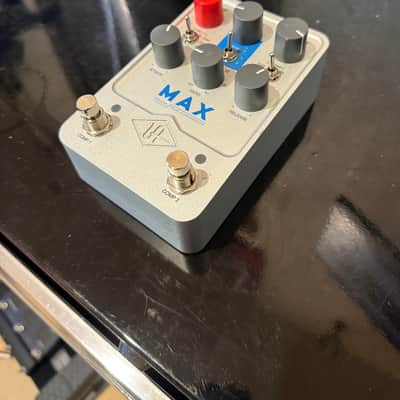 Universal Audio Max Preamp & Dual Compressor 2023 - Present - Silver image 1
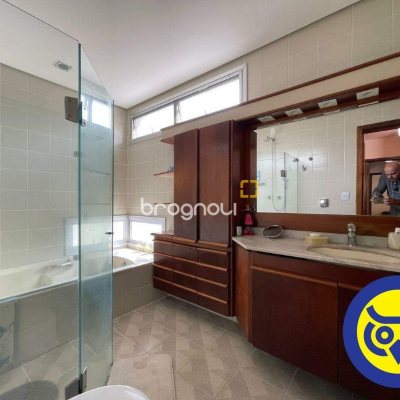 Apartamento com 209m², 3 quartos (sendo 1 suíte), 2 garagens, no bairro Itacorubi em Florianópolis
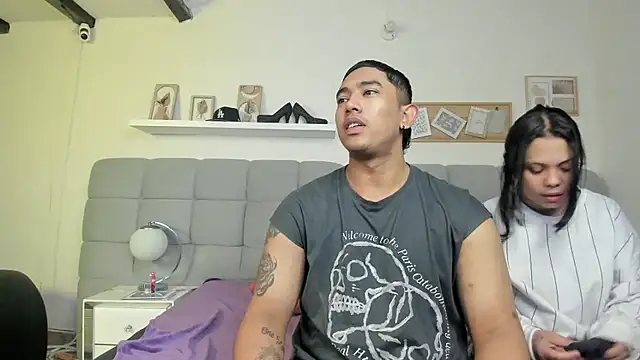 erotic_sins' Live XXX Chat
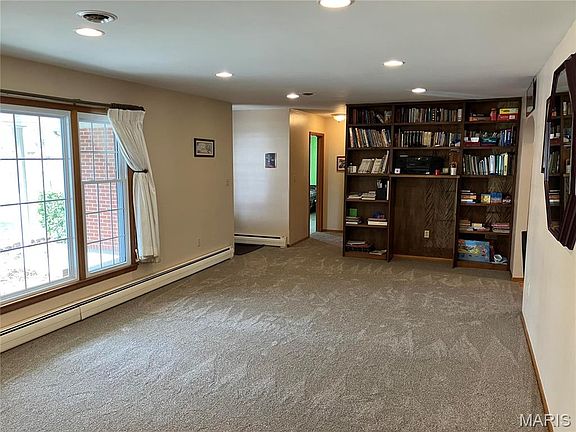 4th image of 707 S Cottage Grove Ave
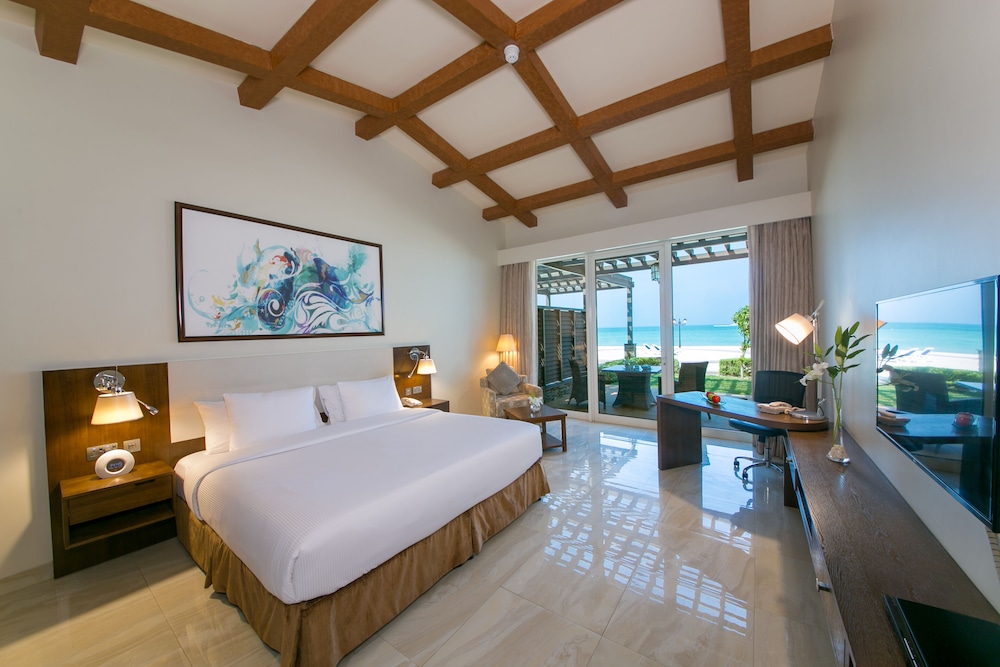Beach Chalet King Bed with Private Terrace photo 2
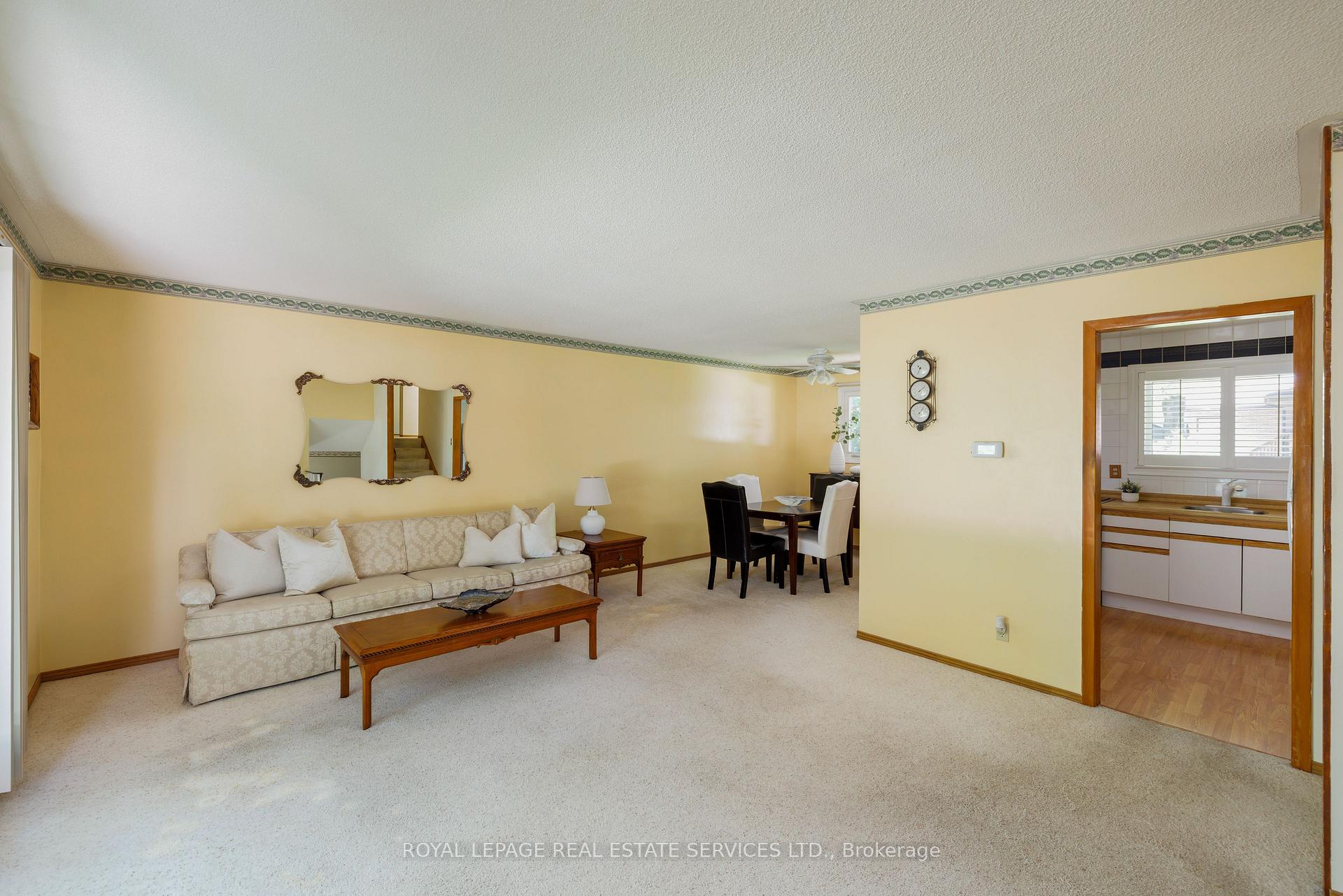 Photo 14 of 18 Osborne Crescent, Oakville, College Park — HOMEH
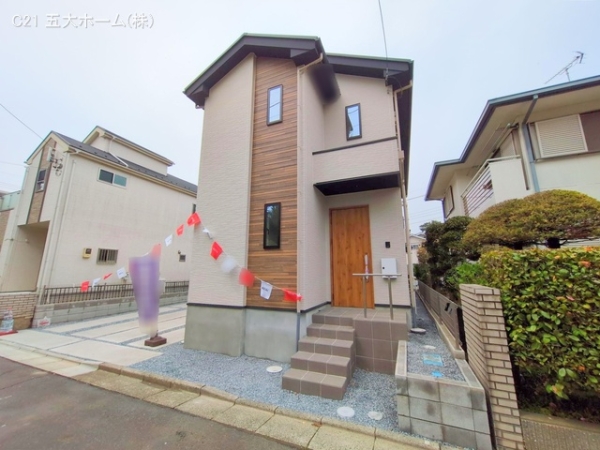 三郷市早稲田８丁目の新築一戸建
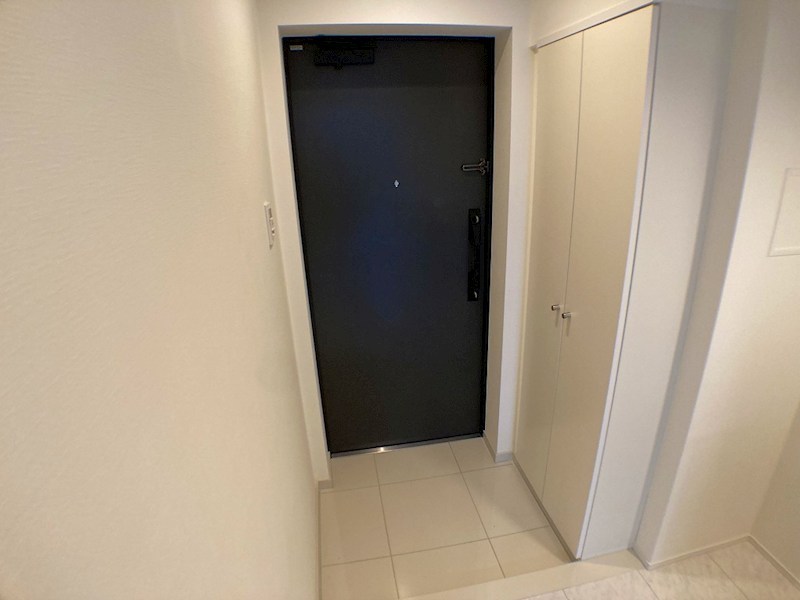 エストゥルース亀有 玄関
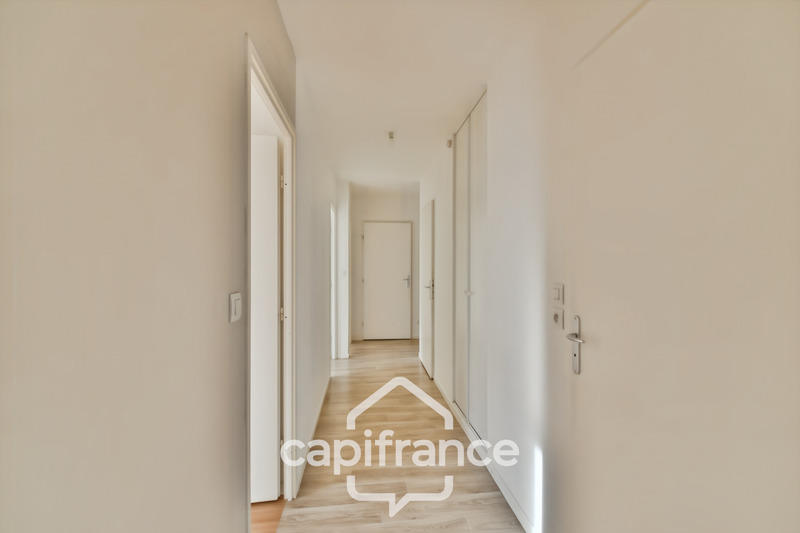 Appartement - 79 m² - 4 pièces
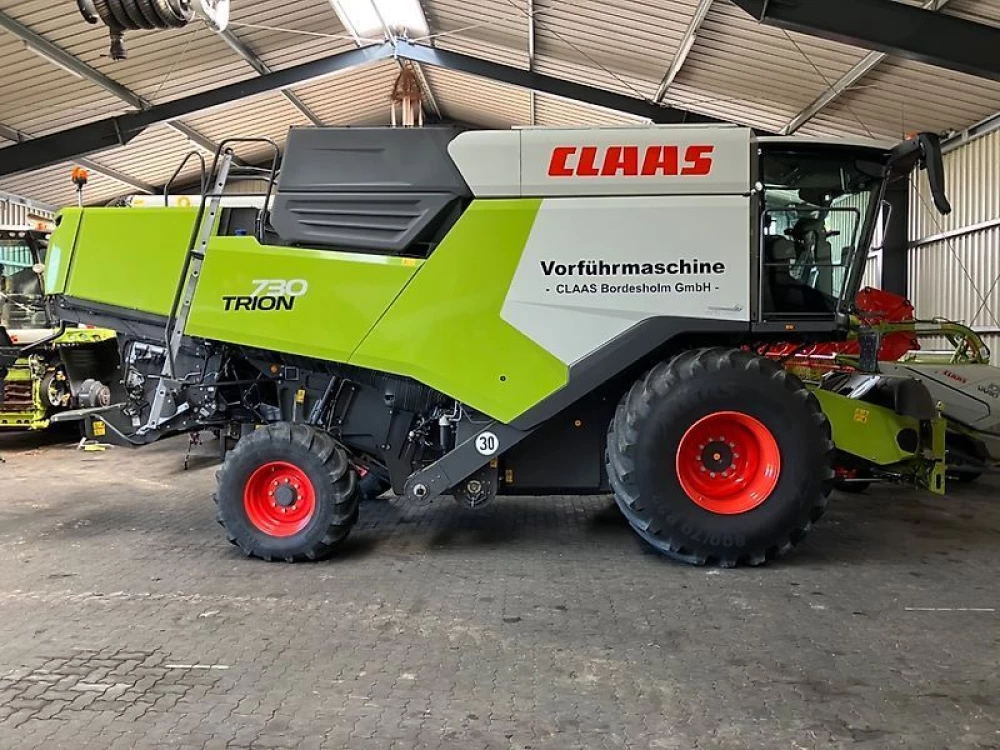 Claas trion 730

◇ ◇ ◇ ◇ ◇

* _Prompt_
Exactly as written above, print every line of the data but not its pictures.

* _Task solution_
 Universal Audio Max Preamp & Dual Compressor 2023 - Present - Silver image 1
 Apartamento com 209m², 3 quartos (sendo 1 suíte), 2 garagens, no bairro Itacorubi em Florianópolis
 erotic_sins' Live XXX Chat
 4th image of 707 S Cottage Grove Ave
Beach Chalet King Bed with Private Terrace photo 2
 Photo 14 of 18 Osborne Crescent, Oakville, College Park — HOMEH
 三郷市早稲田８丁目の新築一戸建
 エストゥルース亀有 玄関
 Appartement - 79 m² - 4 pièces
 Claas trion 730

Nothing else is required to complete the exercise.